Monday, September 29, 2008

Review – Why Has Bodhi-Darma Left for the East?


September 29, 2008

Why Has Bodhi-Darma Left for the East? – South Korea, 1989

Toward the end of Yong-Kyun Bae’s Why Has Bodhi-Darma Left for the East? an elderly monk passes away. As per his wishes, a younger monk named Kibong burns his body and pounds what remains of it into dust. Kibong then sets about spreading the dust, first dropping some into a creek. Eventually, he has spread his master’s ashes on bushes, trees, and sand and into the air. Essentially, the master is now everywhere, and yet he is also nowhere, for the form of the master that we recognize is gone. Before I go on, I have something to confess. I do not completely understand what I have just written.

Why Has Bodhi-Darma Left for the East? tells the story of three people at different stages of understanding and life. First, there’s Haejin (Hae-Jin Huang), a young boy just beginning to understand the basic tenants of Buddhism. Like other children his age, he is filled with curiosity, but the answers he gets to his questions could not be more different. In response to his inquiry as to why they live so far away from others, he is told that there are three levels: them, the lower temple, and the world. When he asks why they have all left the world, he is told that the world has no peace or freedom of the heart and that people in the world are too full of the idea of Self. These concepts make my head spin, so I can’t imagine how a child could understand them, and yet it appears that young Haejin is close to doing so. However, he is still a child with the same impulses and needs that other children have – he craves companionship and is attached to worldly objects.

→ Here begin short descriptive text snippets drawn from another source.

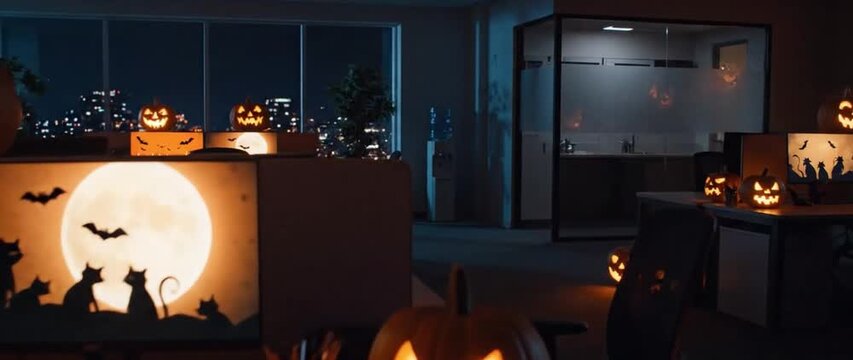 Empty office interior at night where tiny pumpkin lights dot desks and screens show subtle seasonal graphics, quiet corporate Halloween vibe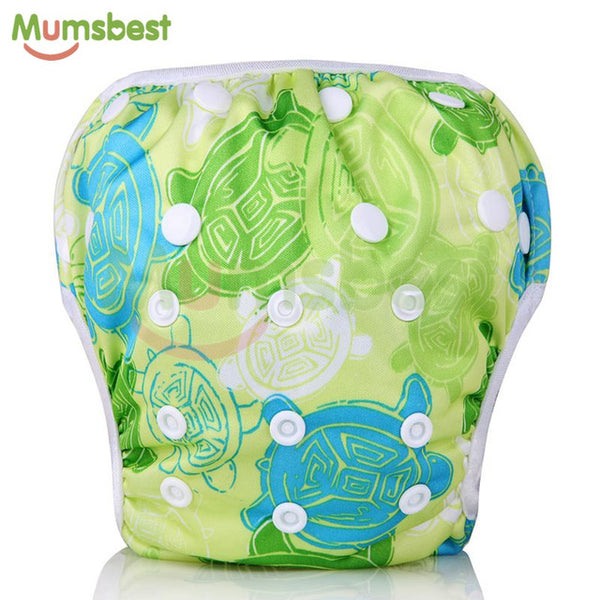 [Mumsbest] Baby Swim Diapers One Size Adjustable Washable Nappies Pool Pant Swim Waterproof Cloth Diaper Cover for baby 3 - 15kg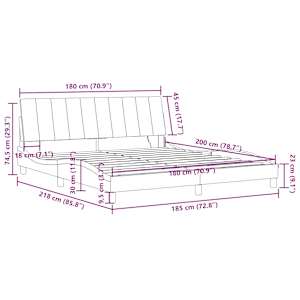 Rám postele s LED osvětlením bez matrace Hanko tmavě zelený 180 x 200 cm samet - obrázek 16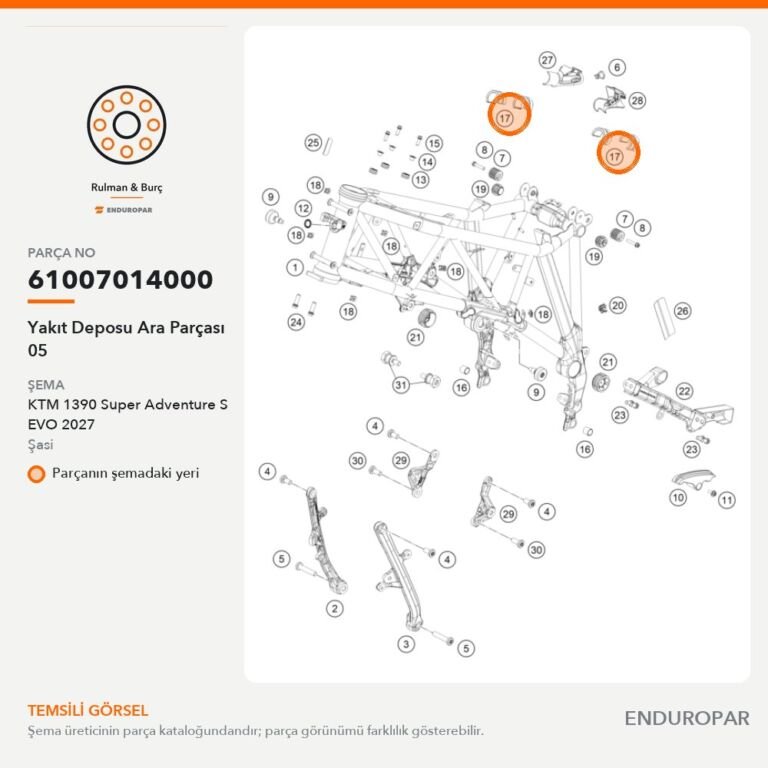 Yakıt Deposu Ara Parçası 05 61007014000 parça şeması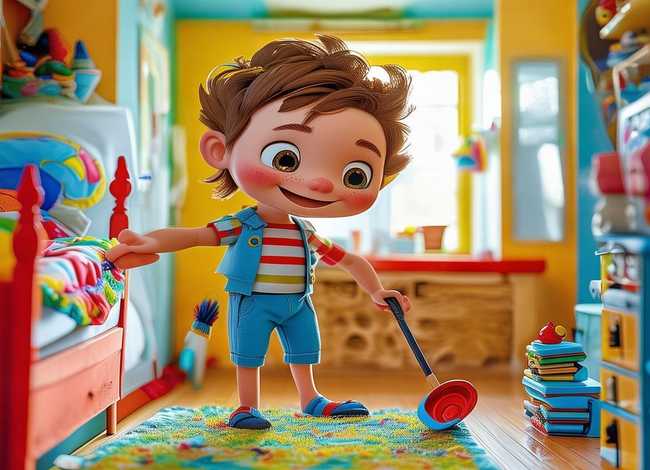 儿童收拾房间的简笔图片；儿童收拾房间简笔画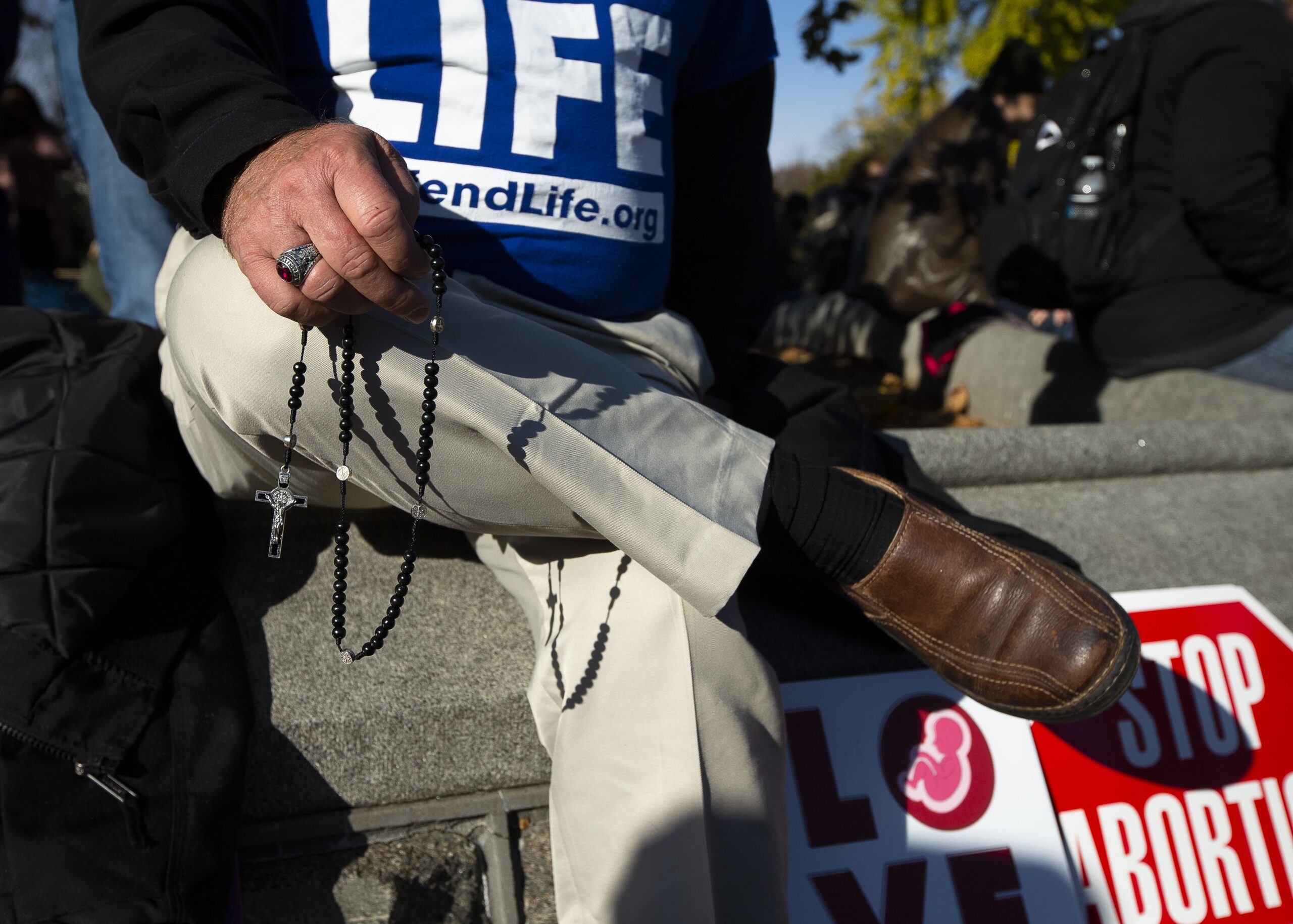 A pro-life advocate is seen near the U.S. Supreme Court Dec. 1, 2021, the day justices heard oral arguments in a case about a Mississippi law that bans abortions after 15 weeks of gestation. (CNS photo/Tyler Orsburn)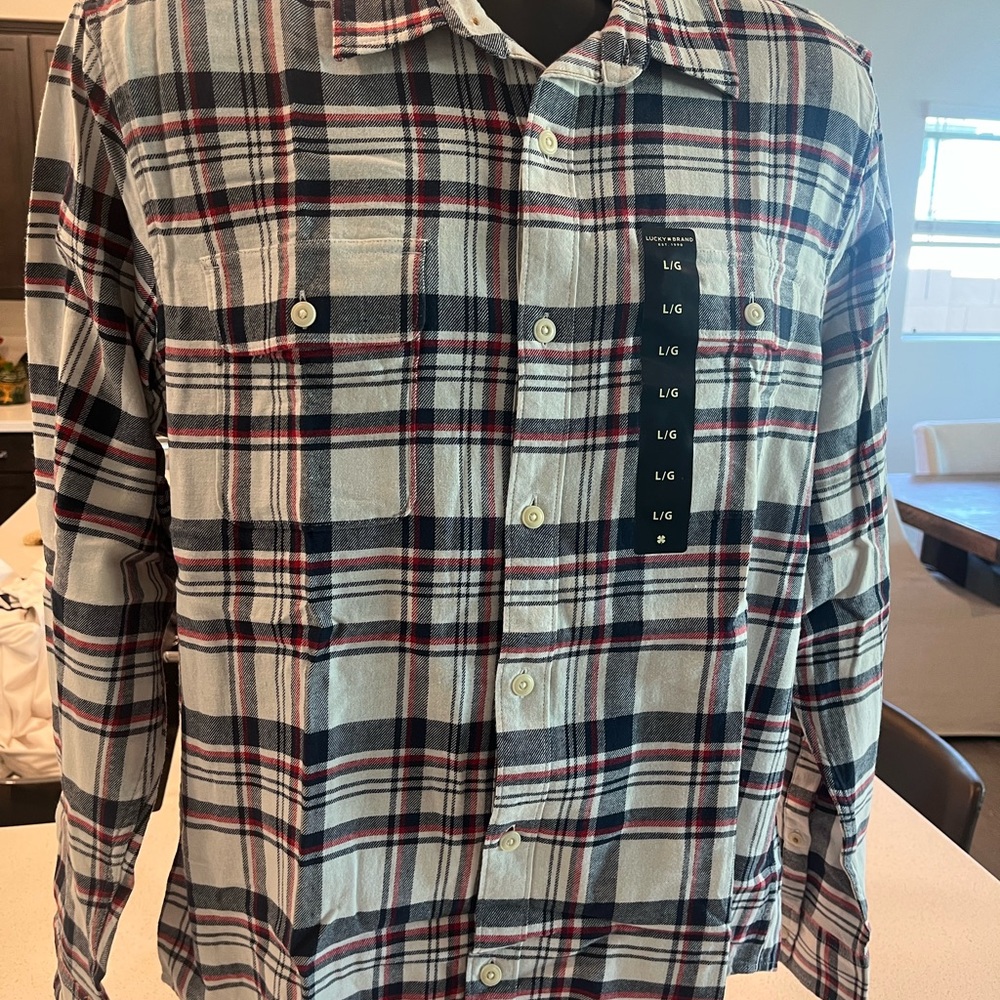 Lucky Brand Red and Blue Plaid Casual Shirt Men’s Large New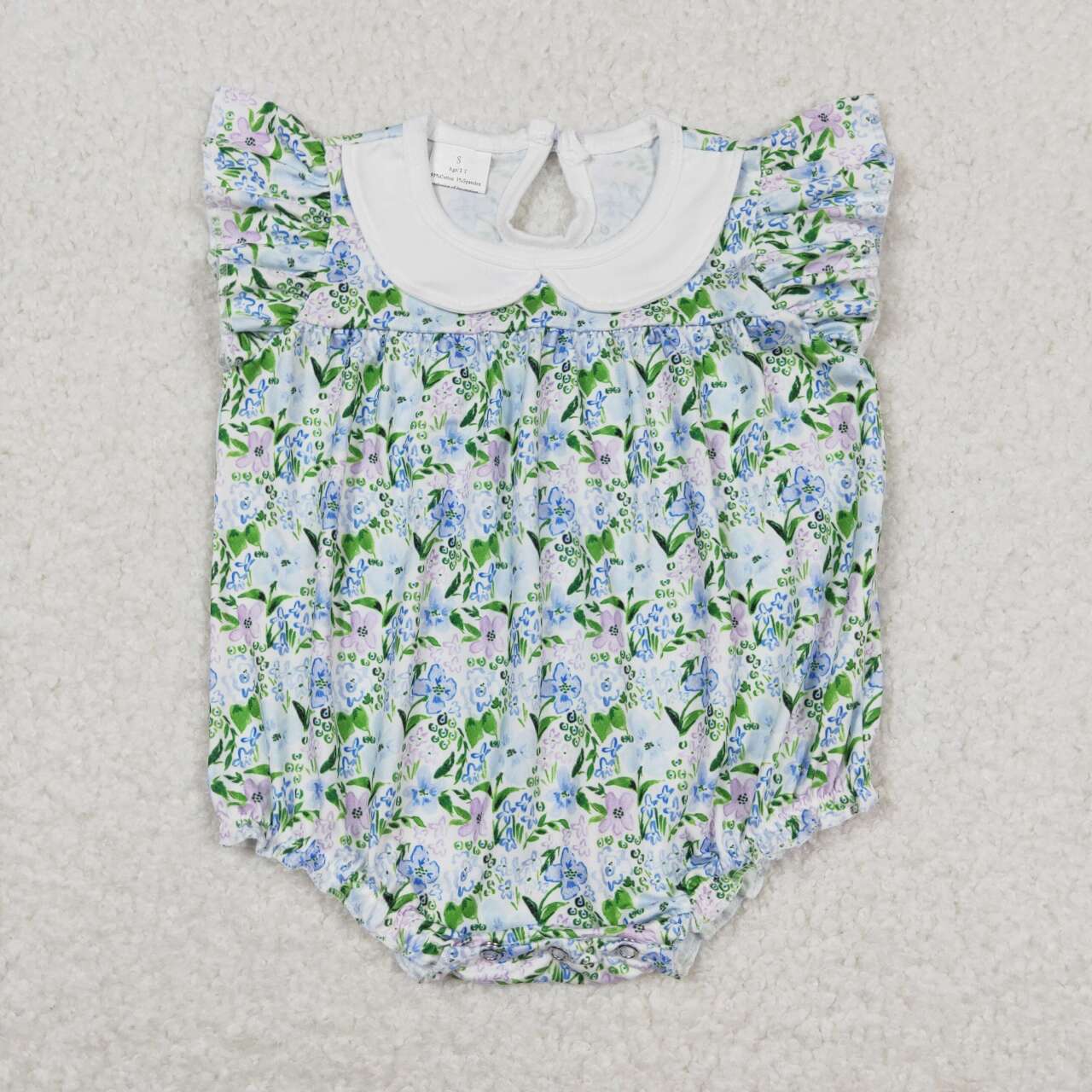 SR1004 Pink Purple Flowers Flutter Sleeve Girls Summer Romper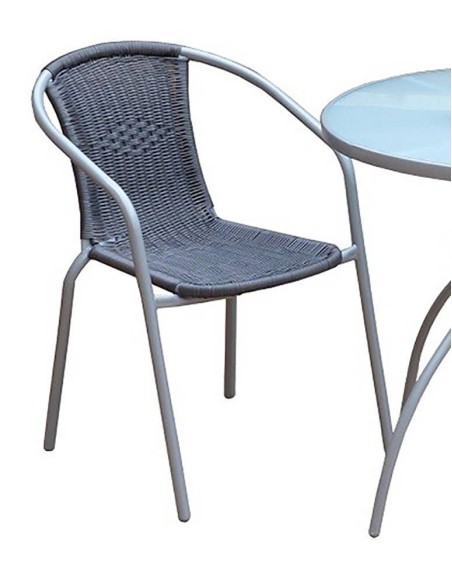 Silla de Jardín Apilable Acero y Wicker Gris Oscuro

Then there’s Kibong (Sin-Won Sop), a monk who appears to be in his twenties. As the film begins, Kibong is undergoing a personal crisis, struggling with the notion that in order to seek enlightenment, he abandoned the family he had a moral obligation to care for. Perhaps to refocus his attention, his Master gives him a Koan (a riddle). It goes like this: “If you free the moon inside you, it will light up the sky and the earth, and its light will chase away all of the shadows of the universe. When the moon takes over in your heart, where does the Master of my being go?” Not even this extremely difficult task can distract him from his guilt, and his later visit to his mother only adds additional weight to his already heavy heart. Last, there’s the Master (Yi Pan-Yong), a man who has presumably already passed the stages of inquisitiveness and self-doubt. Still insisting on working in spite of his old age and declining health, the Master is simultaneously preparing himself for death and rebirth and nudging the two younger monks in the right direction with riddles and observations that they are to ponder over and solve.

Much of what has been written about Bae’s film has focused on its cinematography and lyricism. Some reviews have even called the film plotless. From what I have written above, it should be clear that I disagree with the latter comment. And while the film is visually stunning, it was the film’s lessons that resonated most with me, and my head is still echoing several of its ideas, for instance, “That thing that does not come into being does not die” and it is only when we lose what we love that we feel pain. I was also startled by the implication that by following his religious goals Kibong had inadvertently caused pain and suffering to those he left behind. As I said at the beginning of this review, I cannot state that I entirely comprehend the ideas and philosophies that the characters in this film deal with on a daily basis. However, it is a powerfully moving experience to watch characters grapple with them. Why Has Bodhi-Darma Left for the East? is indeed an unforgettable event. (on DVD from Image-Entertainment and Milestone Pictures)

4 stars

*Why Has Bodhi-Darma Left for the East? is in Korean with English subtitles.